For example, based on the hyper-red feature of the preprocessed lesion leaf image in RGB color space, H component of HSV color space and b component in L a b color space, the integrated color feature detection rate wave is represented by a formula Constructing, wherein I is the preprocessed blade image, IExRSuper red feature image for RGB color space, Ib*B component image of L a b color space, IHIs an H component image of HSV color space, pb(r)Is a circular area mean filter with a radius r,is a standard deviation of (σ)H,σL) Alpha is a super red characteristic parameter of the RGB color space, and the value range is (0, 1)]Is a two-dimensional discrete convolution operation.
S104, detecting and filtering according to the comprehensive color feature to obtain a comprehensive color feature map corresponding to the scab leaf image;
specifically, the server detects and filters according to the constructed comprehensive color feature to obtain a comprehensive color feature map corresponding to the scab leaf image.
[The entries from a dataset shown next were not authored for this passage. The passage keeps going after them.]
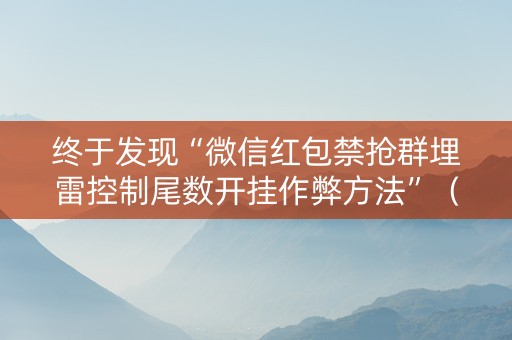 终于发现“微信红包禁抢群埋雷控制尾数开挂作弊方法”（详细透视教程）-哔哩哔哩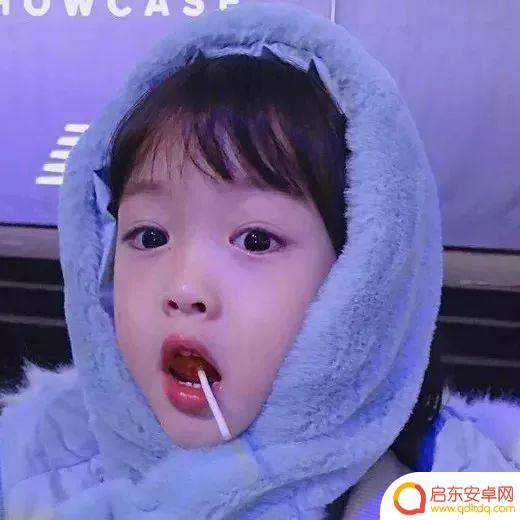 抖音头像王牌之星(抖音头像王牌之星图片)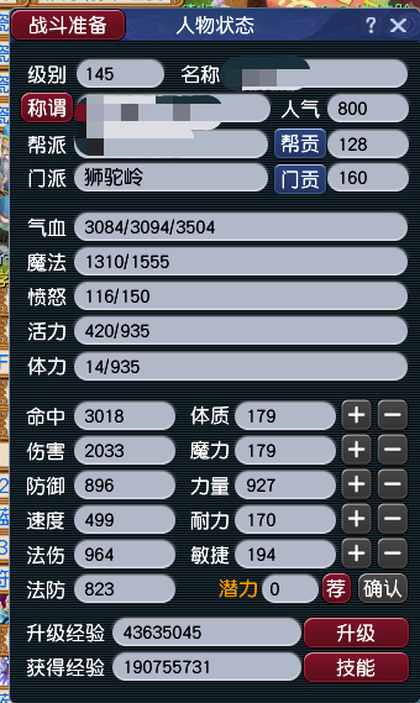 【MRZ21172】 | 总经验:180000万 | 等级:145 | 狮驼岭 | 男 | 人物总修:61 | 宠物总修:21 | 无换绑CD | 【买号找回永久包赔】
For example, based on the hyper-red features of the preprocessed lesion leaf image in the RGB color space, the H component of the HSV color space, and the b component of the L a b color space, the integrated color feature map is according to the formula: CCF ═ exp (- β | f (I: r, σ)H,σL,αR) |) where CCF represents the integrated color profile, β is a drop rate parameter, αRIs the alpha value corresponding to the minimum R value, R is the CCF ratio, and is expressed by the formulaIs obtained by calculation, M isNumber of pixels until light influences leaf area, N is number of pixels of normal leaf area, CCF (x)i,yi) And CCF (x)j,yj) And i and j are positive integers, wherein the CCF values of the pixel points on the comprehensive color feature image are represented by the I and the J. Wherein M and N can be obtained by manual labeling; it will be appreciated that the value of α is considered to be (0, 1)]In order to rapidly acquire αRA value of (0, 1)]Uniformly selecting a preset number of alpha values to calculate the R values of the preset number, selecting the minimum R value from the R values of the preset number, wherein the alpha value corresponding to the minimum R value is alphaR. Fig. 2 is a relationship diagram between ExR parameters and CCF ratio of a vegetable leaf scab segmentation method based on color information according to an embodiment of the present invention, and as shown in fig. 2, a CCF ratio R indicates how close a CCF value of an affected leaf area under an illumination condition is to a CCF value of a normal leaf area, and a smaller value of R indicates that the closer the CCF value of the affected leaf area under the illumination condition is to the CCF value of the normal leaf area, the smaller the influence of the illumination condition is. The preset number may be set according to an actual situation, and the embodiment of the present invention is not limited.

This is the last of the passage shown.